• _Given data_
--------

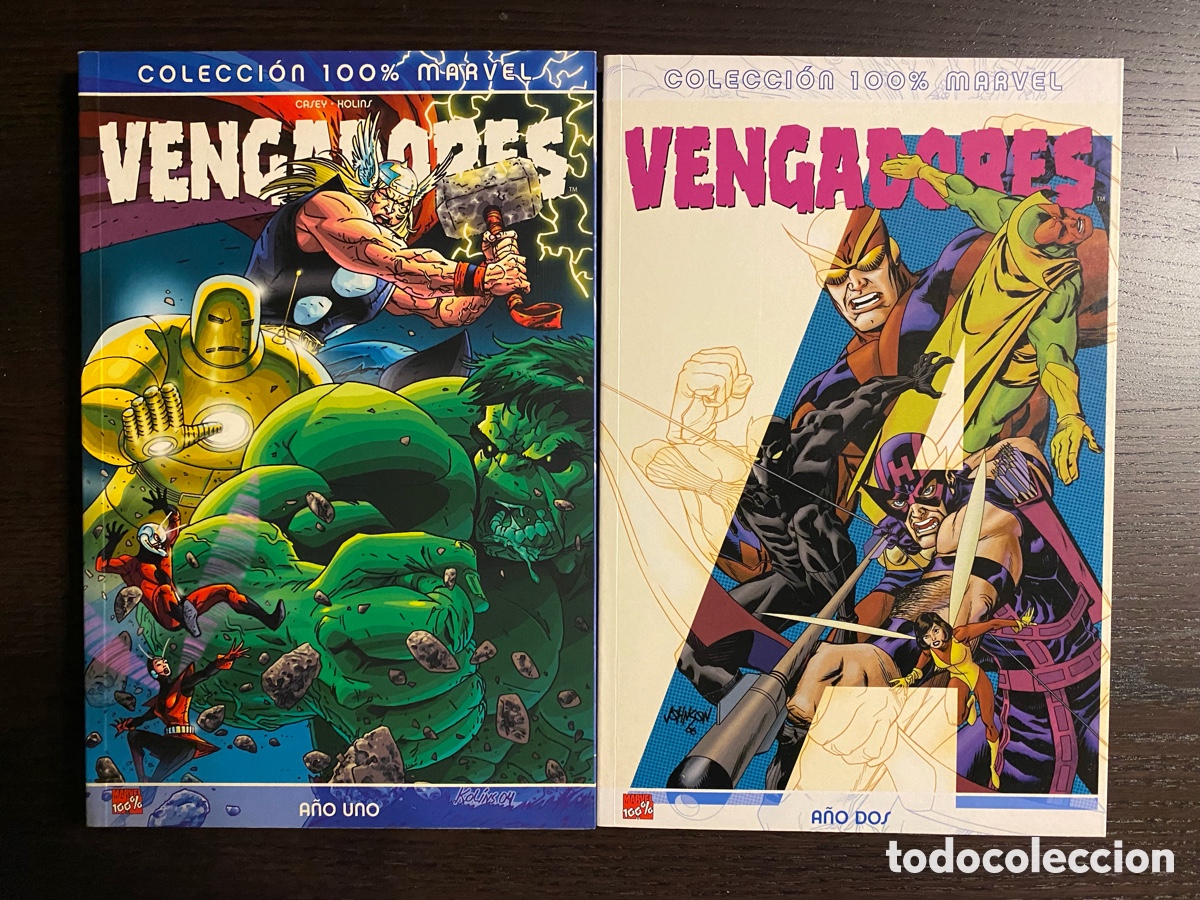 C&oacute;mics: Vengadores: A&ntilde;o uno y dos. 100% Marvel - Foto 1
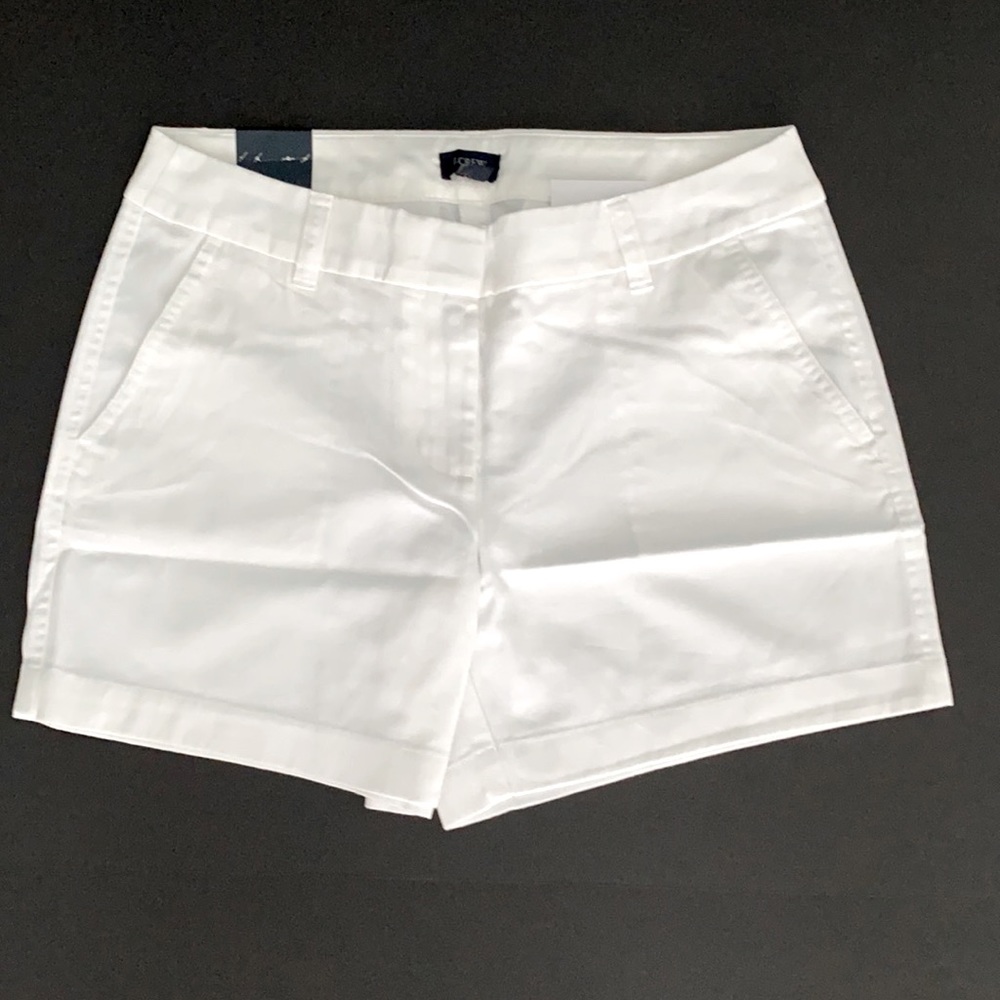 J.Crew 5” White Classic Chino Short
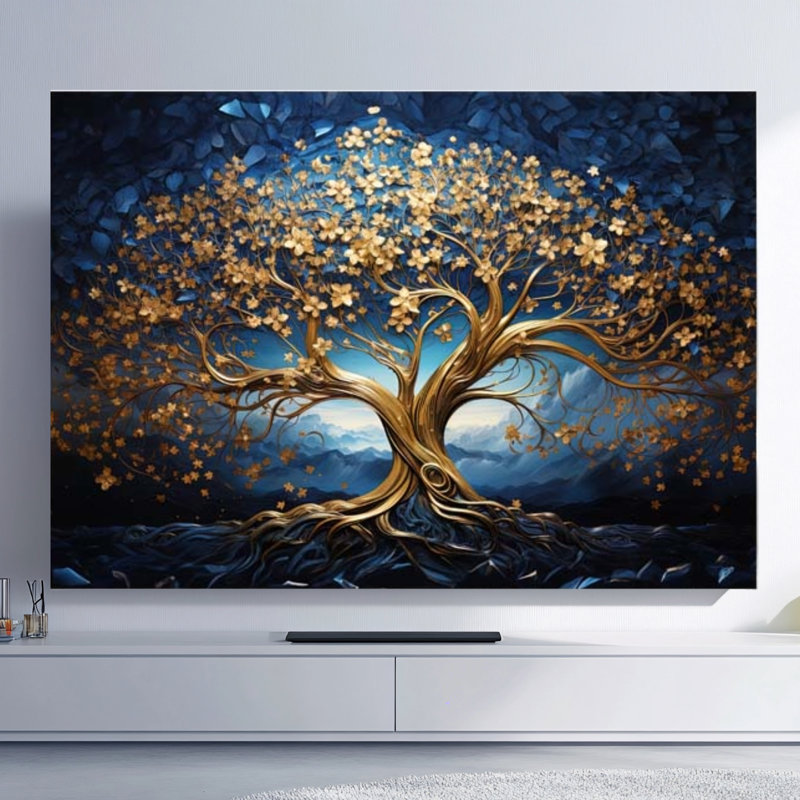 Art mural arbre en métal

--------

Repeat the material above verbatim, with no pictures in the output.

• _Response below_
 C&oacute;mics: Vengadores: A&ntilde;o uno y dos. 100% Marvel - Foto 1
 J.Crew 5” White Classic Chino Short
 Art mural arbre en métal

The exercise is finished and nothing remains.